Each week, we set up various play opportunities around the MERL garden. The children and their grown-ups can choose to take part in as many activities as they like. We have a pop-up mud kitchen in the woods, a water play area, opportunities for balancing, rolling and running. Most recently, with help from Grahame Hawker and Ashley Prior, Rangers for Earley Town Council, we have introduced a hidden sand pit that gives children another quiet space they can enjoy. There is a different craft each week that links to a seasonal or natural theme and there is always an opportunity to paint, listen to a story and sing a song during snack time.
We are a drop-in group which offers parents and carers flexibility and spontaneity in an increasingly busy and rigid lifestyle.
What is the value of Friday Fledglings?
The aim of Friday Fledglings is to provide children with as many ‘Yes Spaces’ as possible. The child led ethos of Forest School is a source of inspiration as it encourages free exploration and self-challenge within the boundaries of simple rules and consideration for the garden . I observe what play opportunities the children are seeking and wherever possible, this informs how the sessions are planned.
What do the sessions have to do with English Rural Life?

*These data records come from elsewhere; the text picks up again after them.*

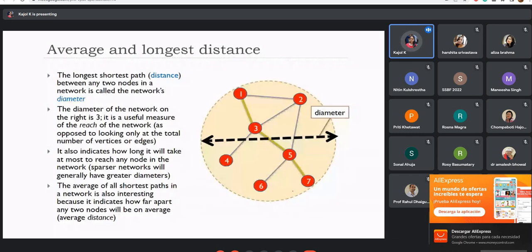Next is average and longest distance, similar to shortest and longest path. If all nodes are very close to each other, the path can be shorter. A shorter diameter is preferable and shows that the network is very dense.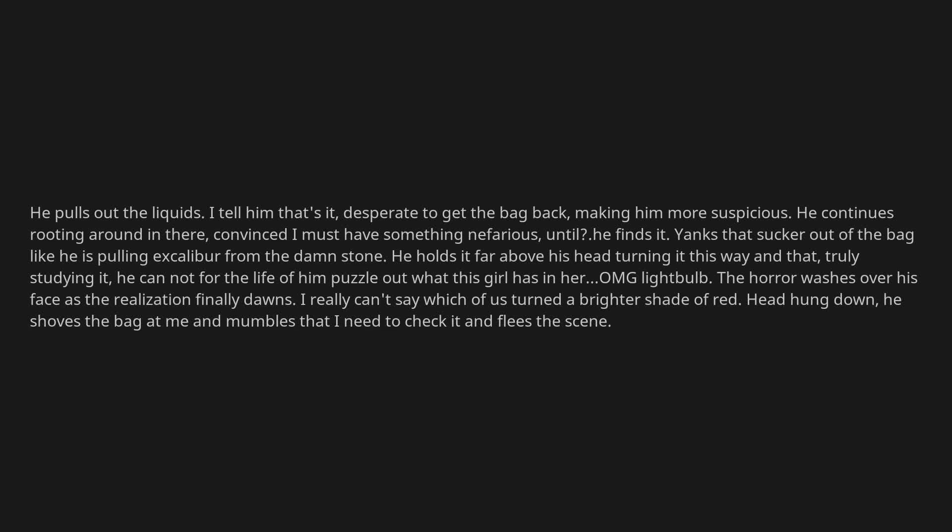He cannot for the life of him puzzle out what this girl has in her... OMG, lightbulb. The horror washes over his face as the realization finally dawns. I really can't say which of us turned a brighter shade of red. Head hung down, he shoves the bag at me and mumbles that I need to check it and flees the scene.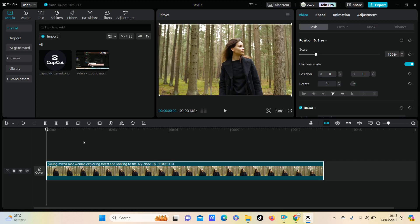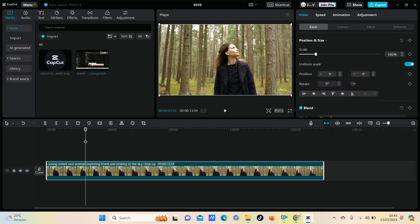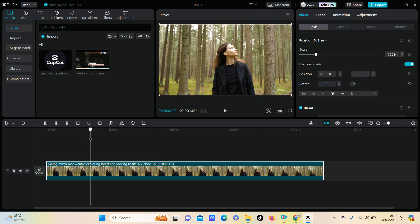To add a marker, as you can see, you can find the marker button right here. To add a marker, just select the part that you want to create a marker for. For example, in this part I want to add a marker.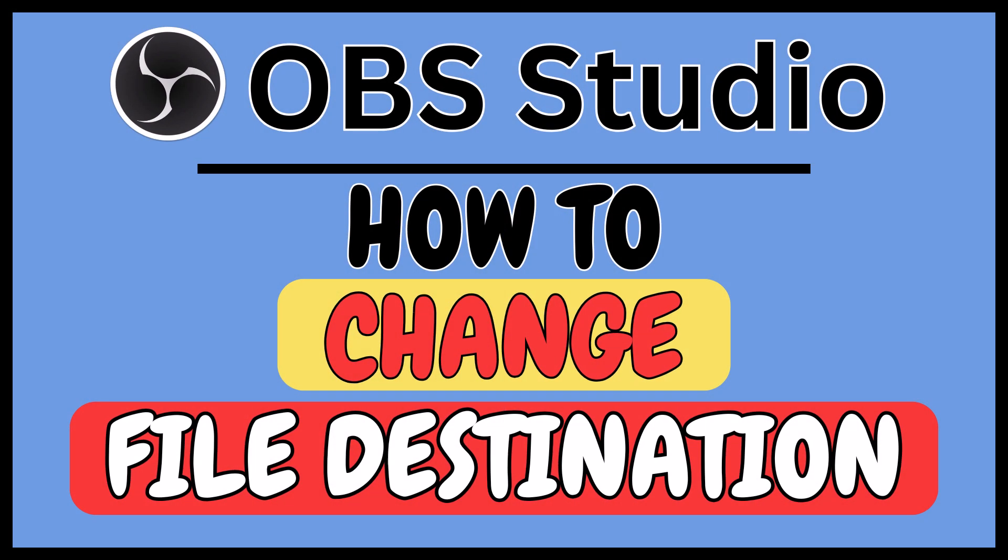This is going to be a video tutorial on how to change the file destination for your recorded files on OBS Studio. I will be using a desktop PC for this. Let me jump over to OBS Studio.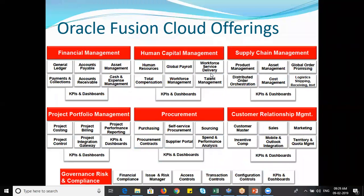Looking at Oracle cloud offerings: the platform includes Financial Management, Human Capital Management, Supply Chain Management, Project Portfolio Management, Procurement, and Customer Relationship Management. Our focus is on Financial Management — specifically General Ledger, Accounts Payable, Asset Management, Payments and Collections, Accounts Receivable, and related modules.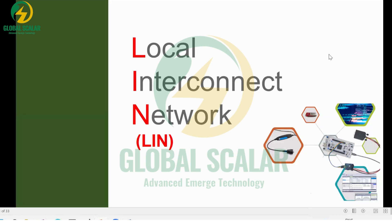The topic is about LIN, which stands for Local Interconnected Network protocol. The main intention of this protocol is to serve the automotive industry and some other industries in a simple way, meaning the cost is very low and the complexity is also very low. It has different features compared to CAN, Ethernet, or FlexRay.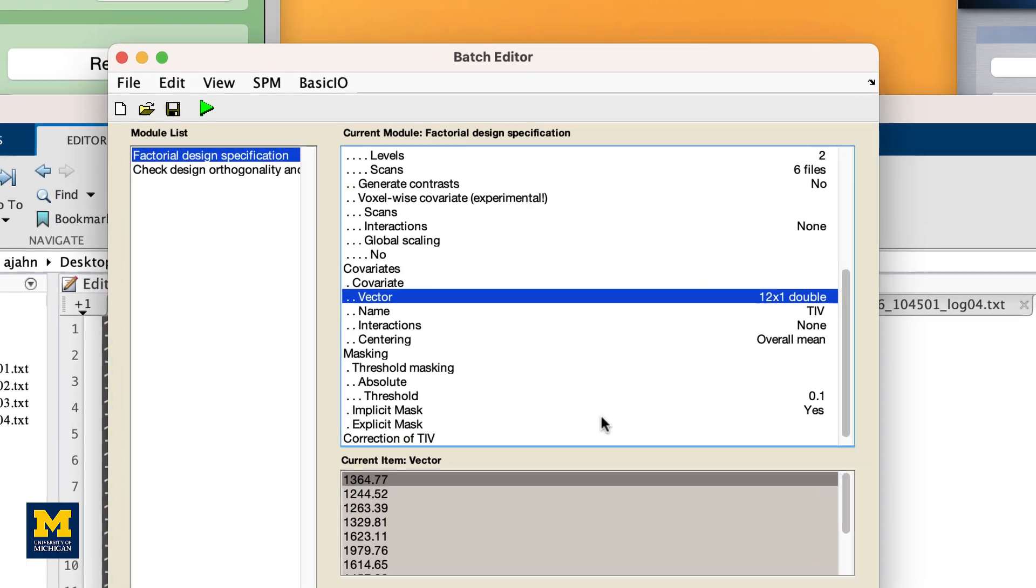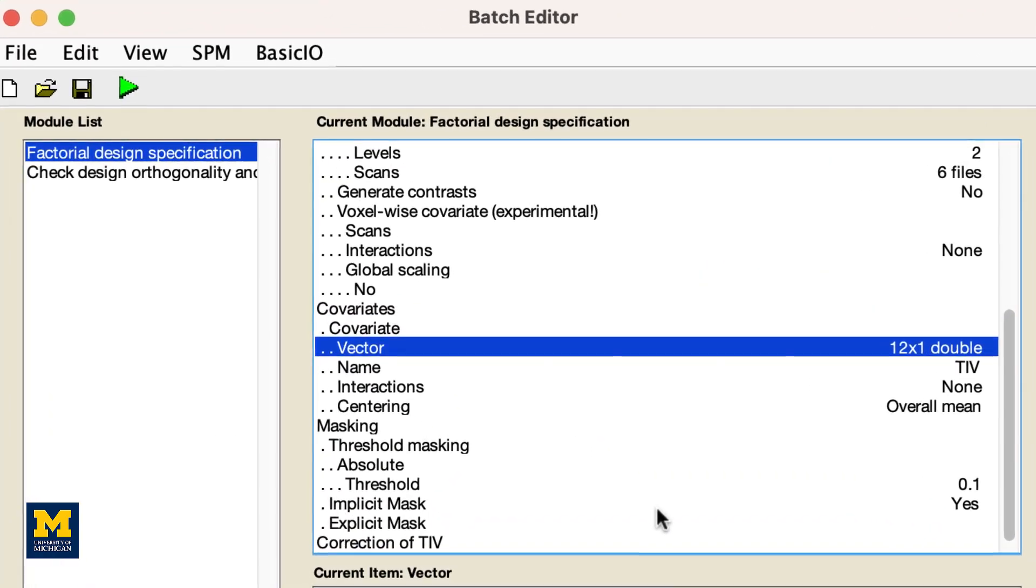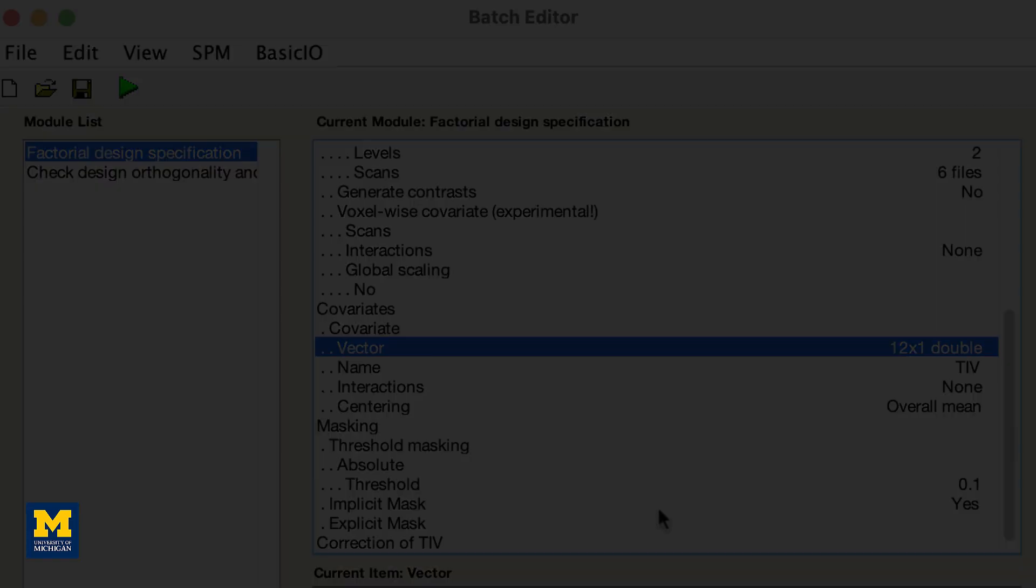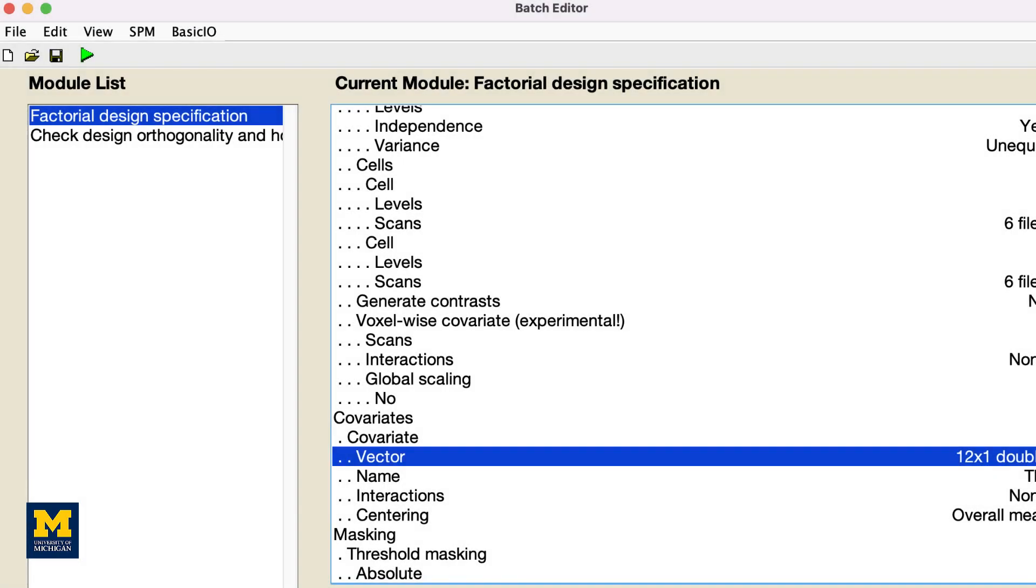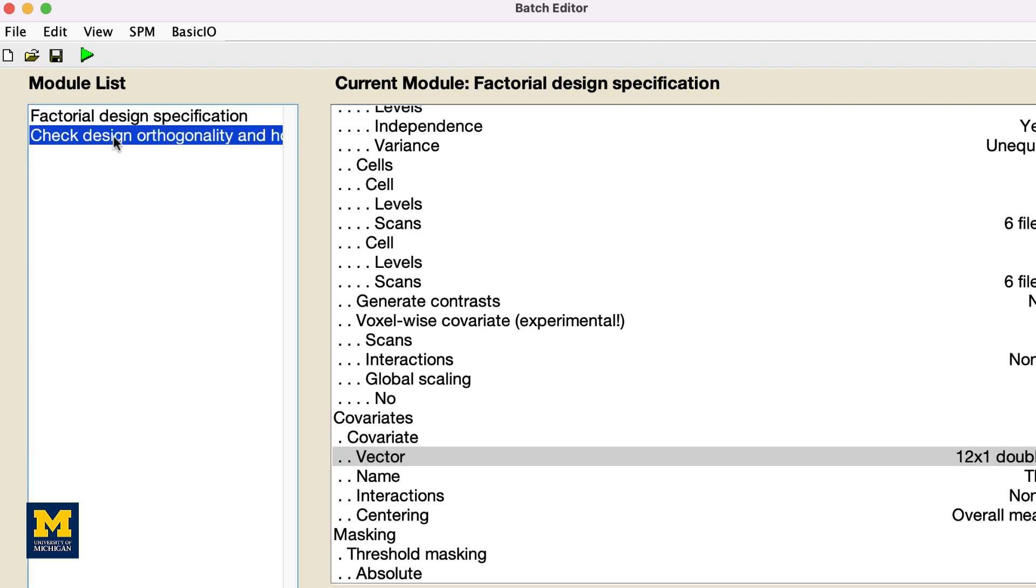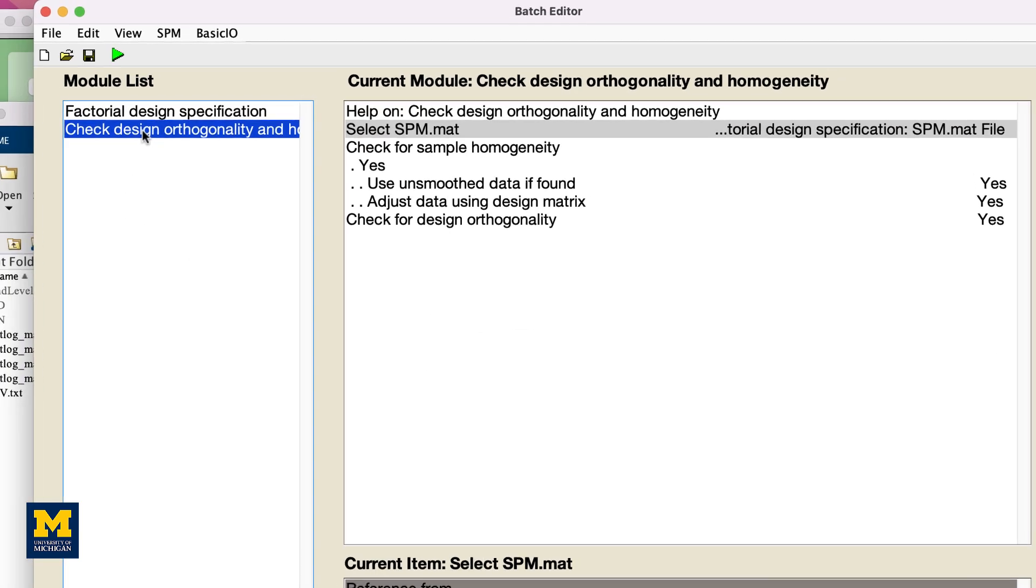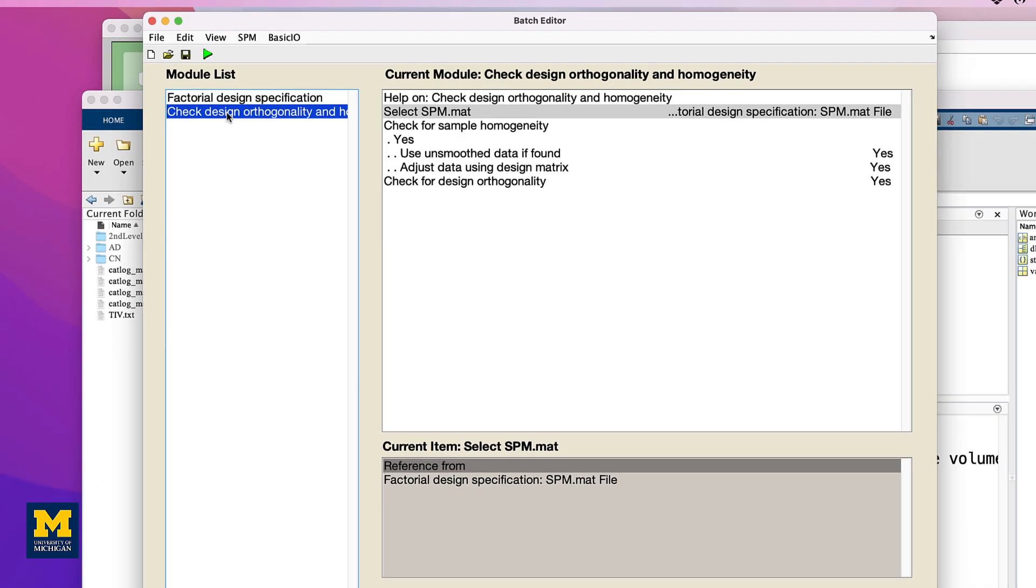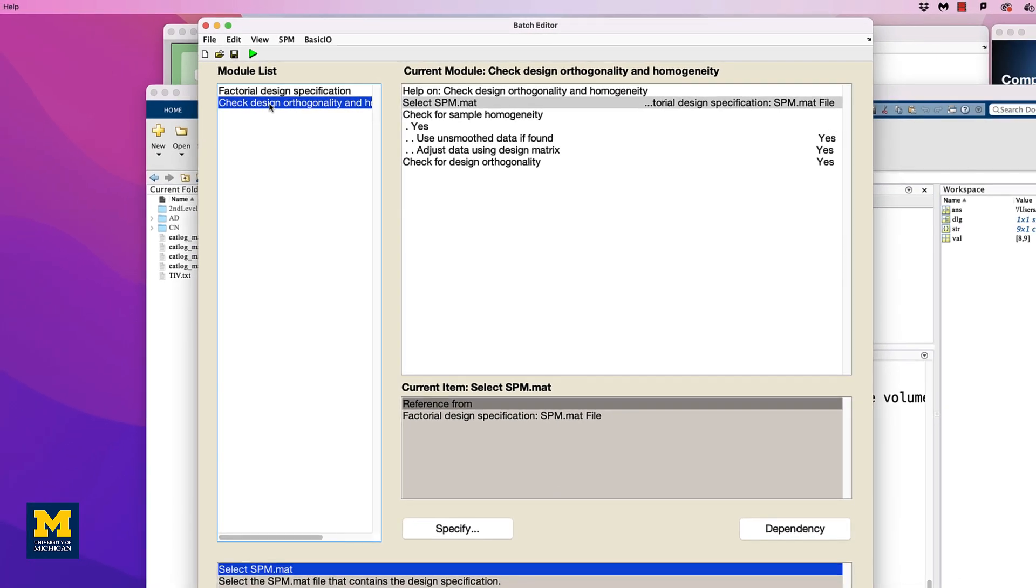When you are done, you should see something like this. When using the Cat12 Basic Models, by default there is another module in the list called Check Design Orthogonality and Homogeneity. This will load the design file you generated in the previous step, and check whether there are high correlations between your covariates and any of the other regressors in your model. Leave these defaults as they are.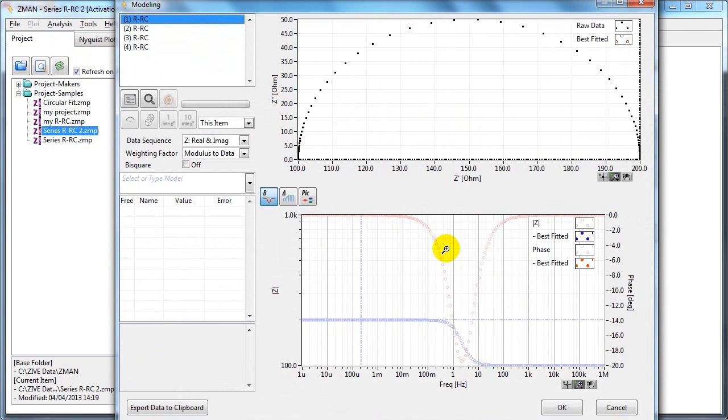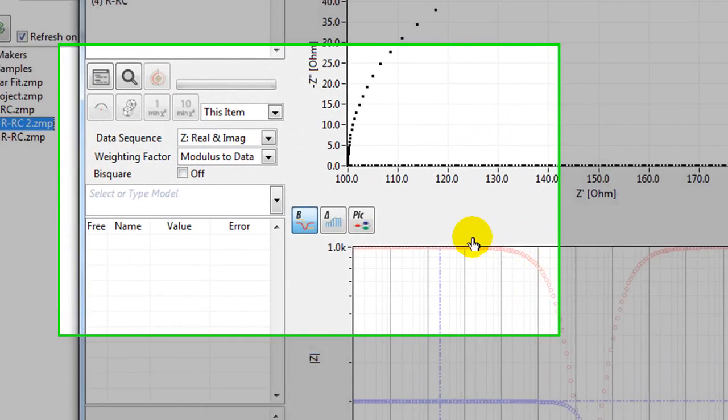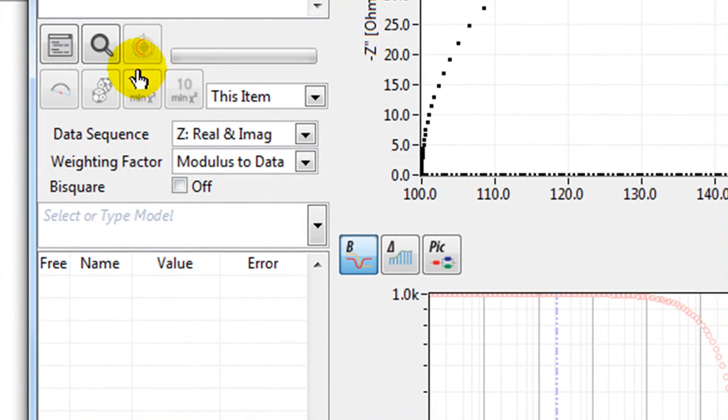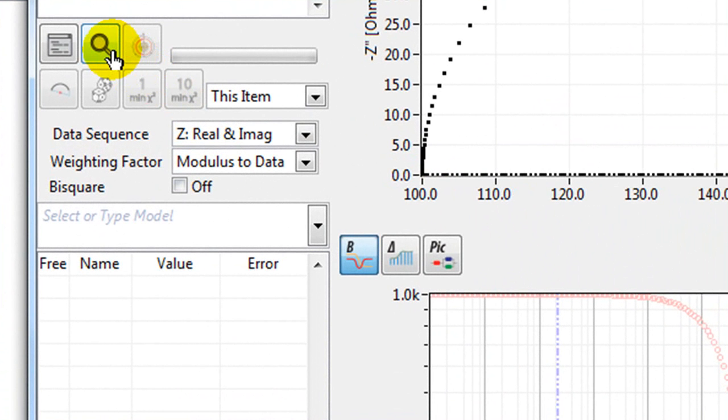If you don't know what equivalent circuit to use, what model to use, you can use the automatic search. We'll cover this later.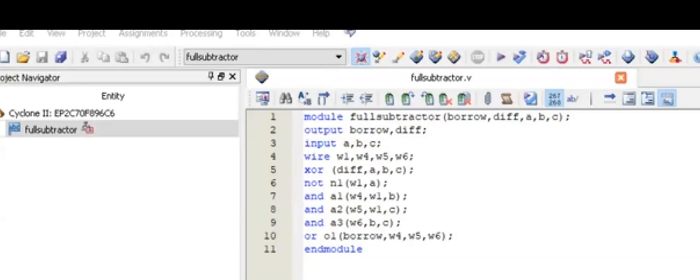In this lab, we are going to implement different programs like Subtractor, Adder, Multiplexer and Demultiplexer on FPGA boards. So, let's start this lab.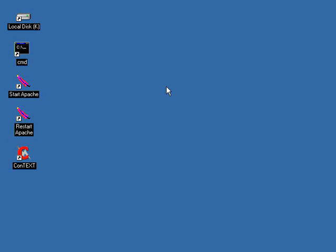Alright guys, so here we go one more time with another exciting lesson. This time around we're going to be taking a look at POST, GET, and forms. Logan's going to show you some neat little tricks on how we can take data and pass it from one page to another, along with a few other things as well.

English rural life is still very focused around the changing seasons and how they affect the weather, plants and animals. The children have opportunities to grow food, watch fruit ripening and then even taste it. They watch the wild birds increase and decrease in number as the days grow longer and shorter. The MERL chickens allow children that may not have access to farm animals an opportunity to be close to an animal that provides a food they eat regularly. We notice all the living things in the garden and talk about how they fit in with each other in the context of basic food chains. We use natural materials such as wood, straw and wool where possible to link with the rural environment. The children can then explore the displays within the museum to find out more about them.
What does the MERL and its garden have to offer?
I have always described the garden as ‘The magical garden at the MERL’ because it is a space that feels a million miles away from the hustle and bustle of urban Reading so close by. The diverse range of trees, shrubs, flowers and other plants are beautifully maintained and both the garden and museum offer families a safe and dynamic environment that is an absolute pleasure to be in.
Every week is exciting as you never quite know how the garden will have changed and by careful observation, we ensure that the sessions leave minimal impact on the garden. Being so close to so many schools means this wonderful space is potentially available to hundreds of people every week. With continued research citing a lack of outdoor time as an important factor in creating poor mental health, this can only be a good thing.
The museum team are a privilege to work with as they are passionate about giving the families the best experience they can.
What’s your background and what are you passionate about?
I was lucky enough to grow up on a small holding in Zambia and spend my childhood there. After Secondary school, I went to agricultural college for a couple of years before moving to Reading for university. I have lived in Reading for over 20 years now and have worked with children and families in a variety of situations for the majority of that time. I grew up in a community, looking after animals, playing freely and developing a lifelong bond with nature that I am passionate about passing on to other people. Anything that gets people outside and interacting with nature excites me but I also feel very strongly that we are guardians of our green spaces and that we need to make sure that we are protecting them and managing them in ways that mean they will be here for generations to come.
What do you enjoy most about Friday Fledglings?
My favourite moments are when I get a chance to just stop and look around and can watch the children making friends and exploring the garden while their grownups relax and chat. The joy on a child’s face when a bird lands next to them, when they’re making a mud kitchen feast or the concentration they show when they are observing a tiny creature or a previously undiscovered plant or fungi are hard to beat too.
I also have the chance to work with a fantastic team of MERL volunteers who all add some much to the group and mean that we can accommodate very large numbers of people. I feel very lucky to lead the Friday Fledglings!
Friday Fledglings runs on Fridays from 10 – 11.30am during Reading Borough Council term time. It is an all-weather group and it is asked that the children are brought dressed for the weather so that they are able to make the most of their play. We have a small number of waterproofs and boots that can be borrowed. Weather monitoring is part of our risk assessment and sessions will only run if it is safe. Visit our What’s On listings for details of forthcoming sessions.
Please note that there is no session on June 1st as it’s half term, but you can come along to Terrific Trees instead!